EXERCISE DESCRIPTION:
Copy out the data below from the line containing "895V/0700A00 Fort Vale" to the line containing "Rancho Vistoso Parcel", both lines included, with all images left out.

THE INPUT:
>>>

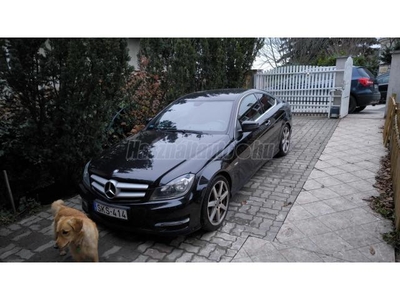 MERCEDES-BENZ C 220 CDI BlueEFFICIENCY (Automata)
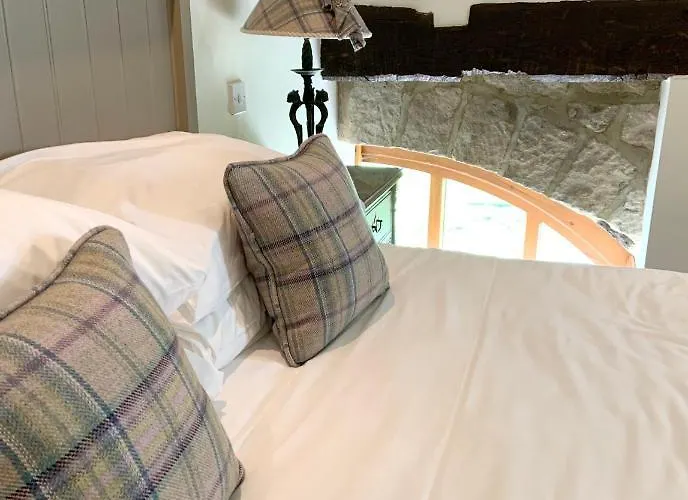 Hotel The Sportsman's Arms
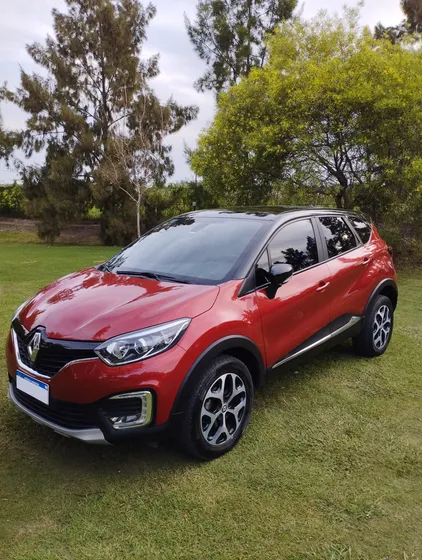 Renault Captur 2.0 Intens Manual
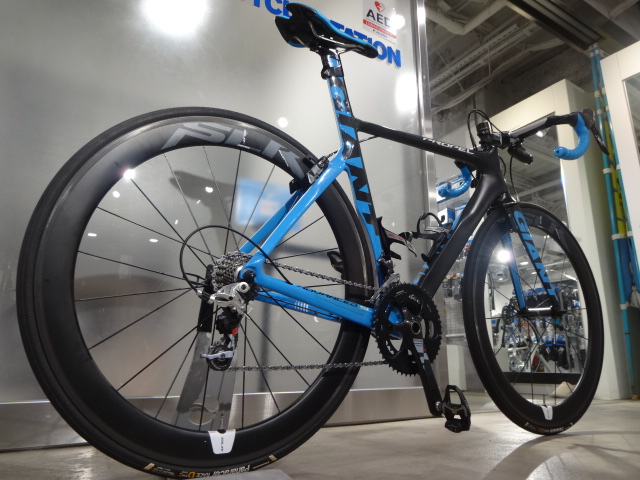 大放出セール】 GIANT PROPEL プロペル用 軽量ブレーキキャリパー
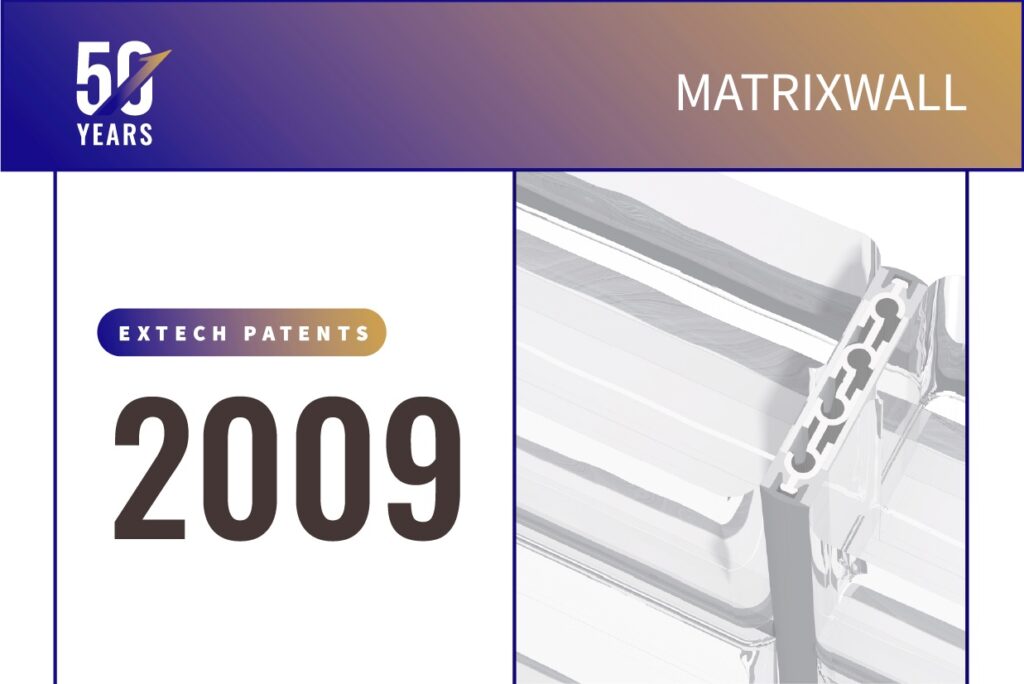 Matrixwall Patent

<<<
>>>

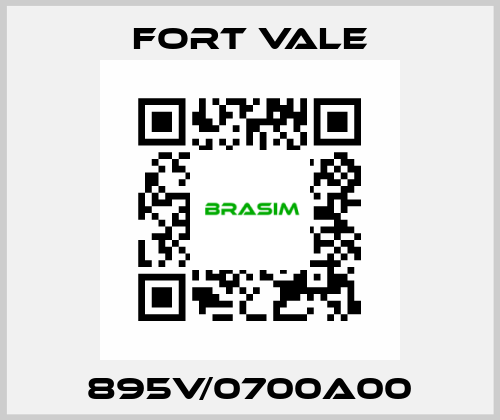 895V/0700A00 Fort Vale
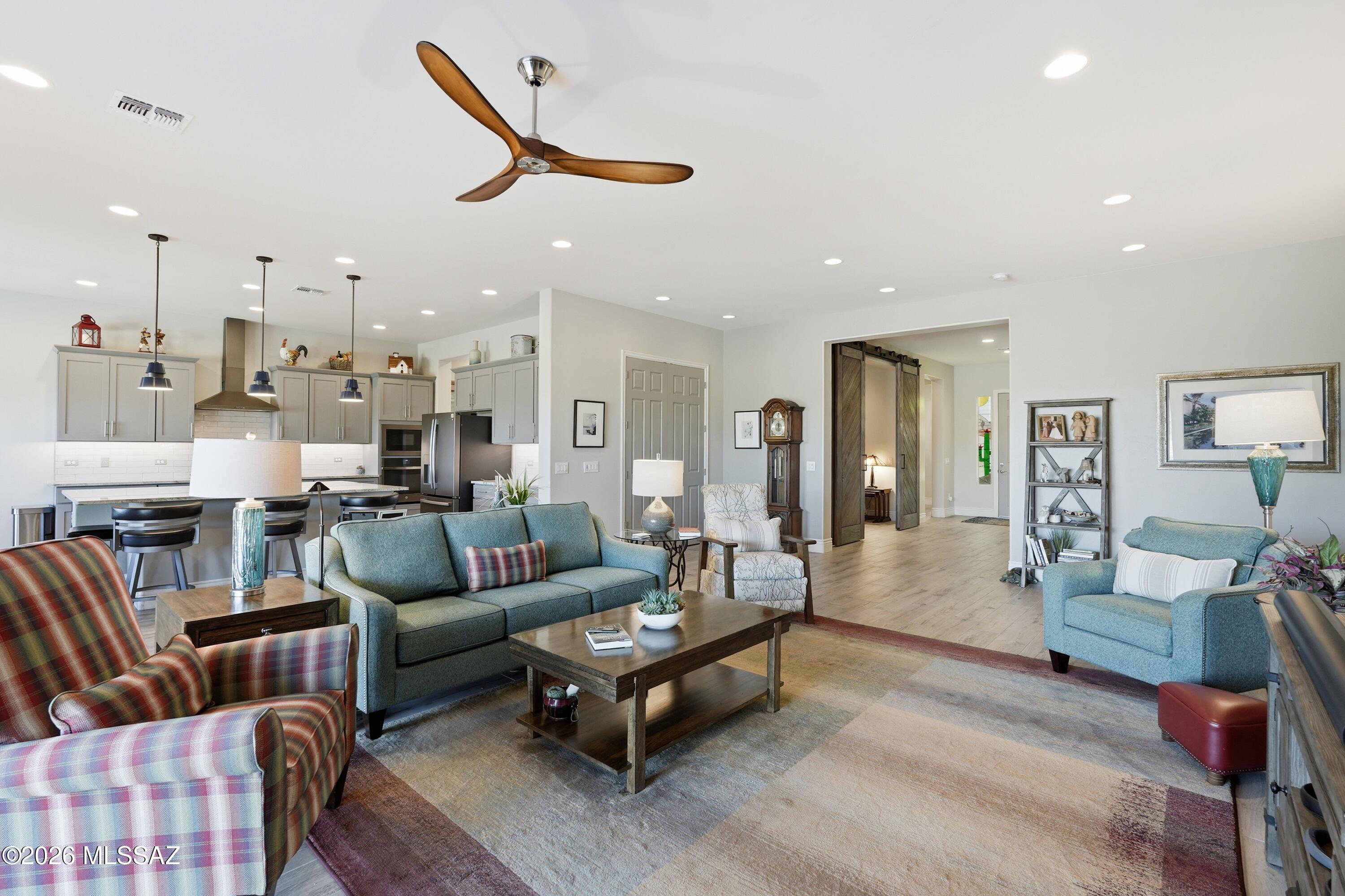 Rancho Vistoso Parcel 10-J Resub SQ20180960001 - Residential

<<<

OUTPUT OF THE EXERCISE:
 895V/0700A00 Fort Vale
 Rancho Vistoso Parcel 10-J Resub SQ20180960001 - Residential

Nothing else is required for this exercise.